- [YOUR INSTRUCTIONS] Go to the line containing "フレスクーラ蟻ヶ崎Ⅰ（102） 間取り図画像" below; retype it and all following lines exactly, and leave out the pictures.

○ ○ ○ ○ ○

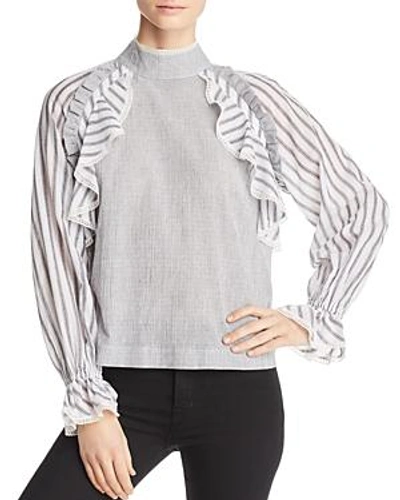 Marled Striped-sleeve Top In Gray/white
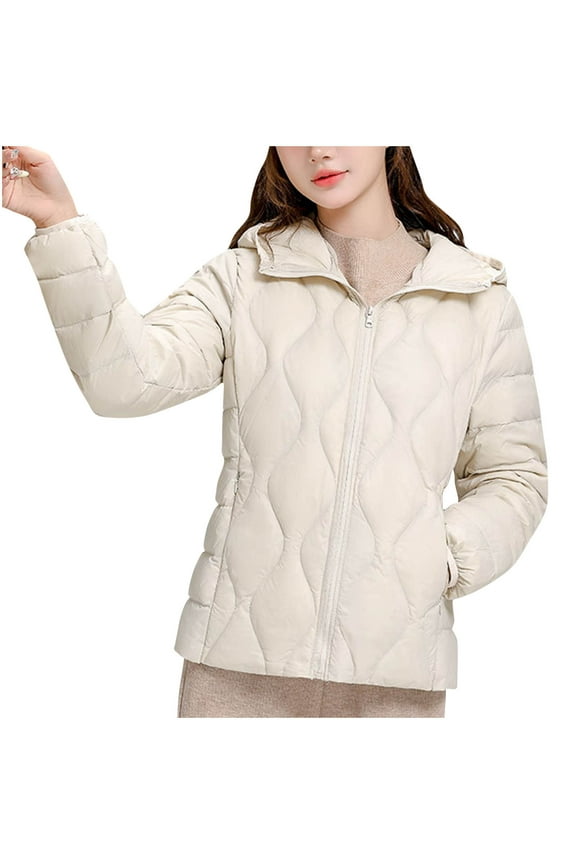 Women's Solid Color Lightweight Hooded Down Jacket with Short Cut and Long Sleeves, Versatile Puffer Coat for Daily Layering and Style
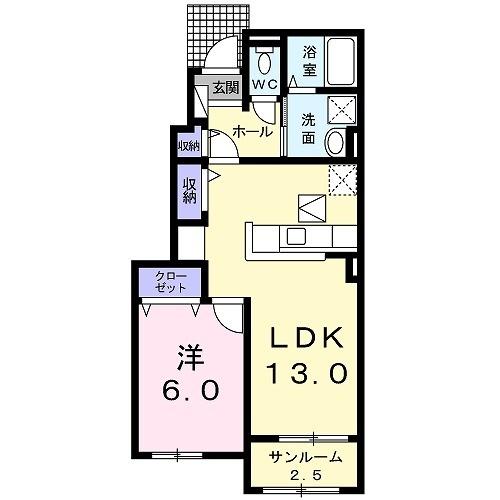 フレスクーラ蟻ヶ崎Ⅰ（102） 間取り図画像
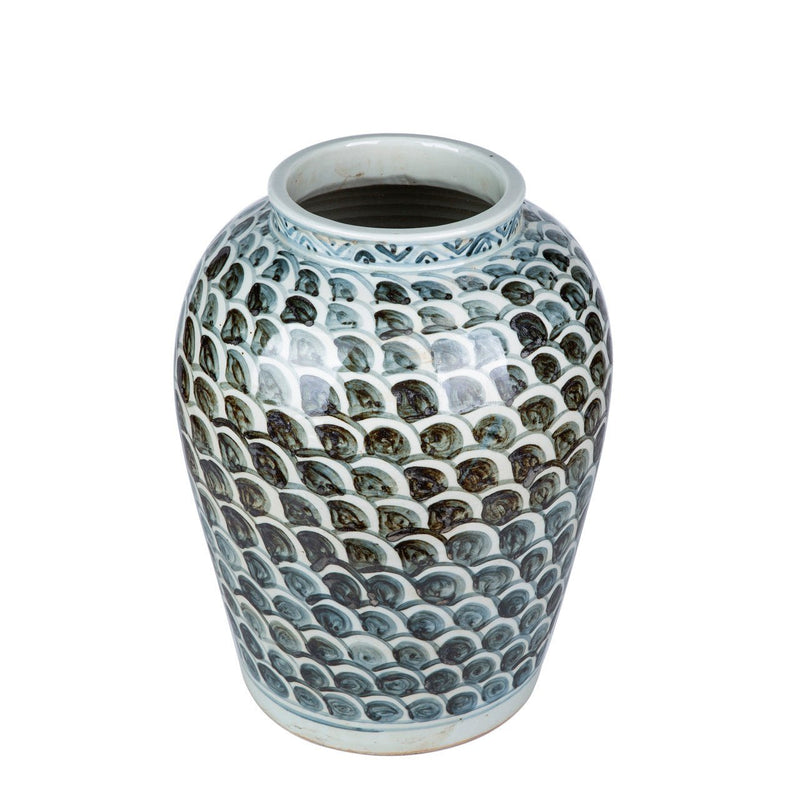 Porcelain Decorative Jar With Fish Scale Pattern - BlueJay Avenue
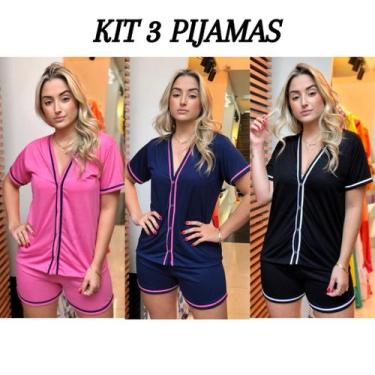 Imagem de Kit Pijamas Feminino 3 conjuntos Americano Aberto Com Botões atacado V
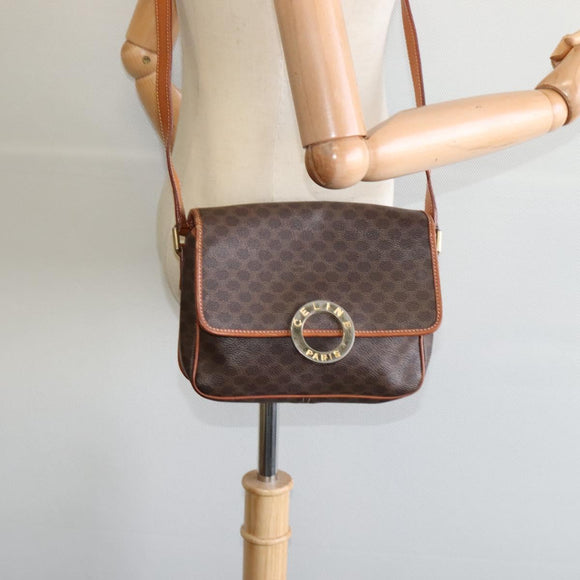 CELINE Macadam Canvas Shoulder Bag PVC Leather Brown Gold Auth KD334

○ ○ ○ ○ ○

- [FINAL ANSWER]
 フレスクーラ蟻ヶ崎Ⅰ（102） 間取り図画像
 Porcelain Decorative Jar With Fish Scale Pattern - BlueJay Avenue
 Imagem de Kit Pijamas Feminino 3 conjuntos Americano Aberto Com Botões atacado V
 CELINE Macadam Canvas Shoulder Bag PVC Leather Brown Gold Auth KD334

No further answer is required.